We never thought we would struggle to grow our family, and nevertheless sought help from a Fertility Specialist after the encouragement of friends through church who had struggled with the same trial. We did our research and made an appointment with one of the top Fertility Specialists on the west coast, with one of the highest success rates for couples struggling with infertility in the nation.

With my husband’s side of things being excellent, our doctor ran me through a few more routine tests and procedures. We were put on a level 1 for our treatment plan— medications + vitamins + multiple monthly ultrasounds + multiple monthly blood work + restrictive diet + trigger shots + timed intercourse. We were excited that this could finally be it!

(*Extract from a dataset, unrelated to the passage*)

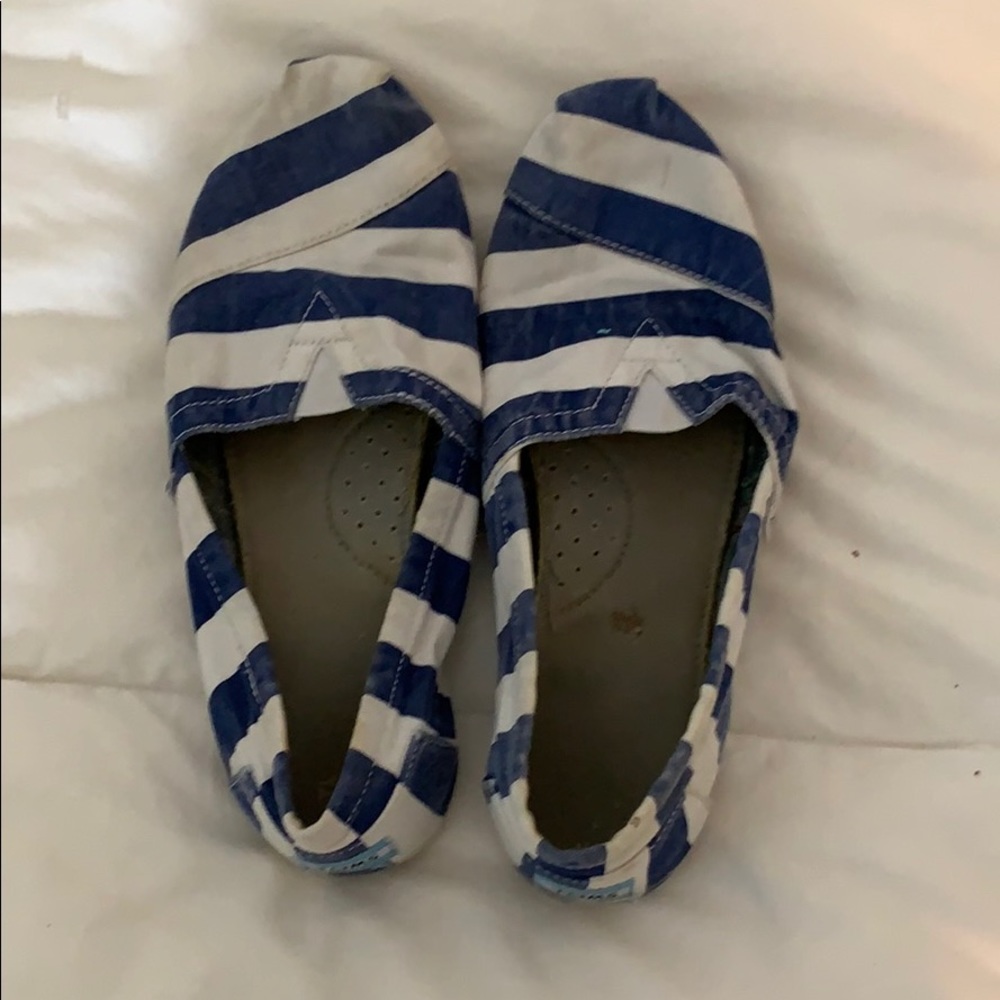 Toms classic canvas size 7.5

Three months into treatment and we had no success, so we switched medications, hoping my body would respond better to a different drug. Each month, being harder and harder, as well as becoming more devastated emotionally, physically and financially with no results. We were now classified as “Unexplained Infertility” after 2.5 years of trying to get pregnant intentionally, and almost 5 years unintentionally with no contraceptives. Realizing that there could be a chance we would never become parents naturally, we made sure to continue to keep our marriage as the focal point- going on trips away to spend quality time together, making date night a priority and even going to marriage counseling when we saw that our fertility journey was putting a strain on our relationship.

After a traumatic car accident, ovarian cysts from medication and what felt like countless setbacks, we completed our last round of treatment for level 1 and it was unsuccessful. We were told that we had exhausted the level of treatment we had been trying at (with a 39% chance to get pregnant overall), and with our testing results and lack of fertility insurance coverage, Level 2 (IUI) wouldn’t provide us with any greater odds than that of which we had been trying already. Since I was currently under 30 years old, as well as all of our other tests show in our favor, our doctor was very optimistic and said that IVF would provide us with a 80-90% chance to become parents on one try.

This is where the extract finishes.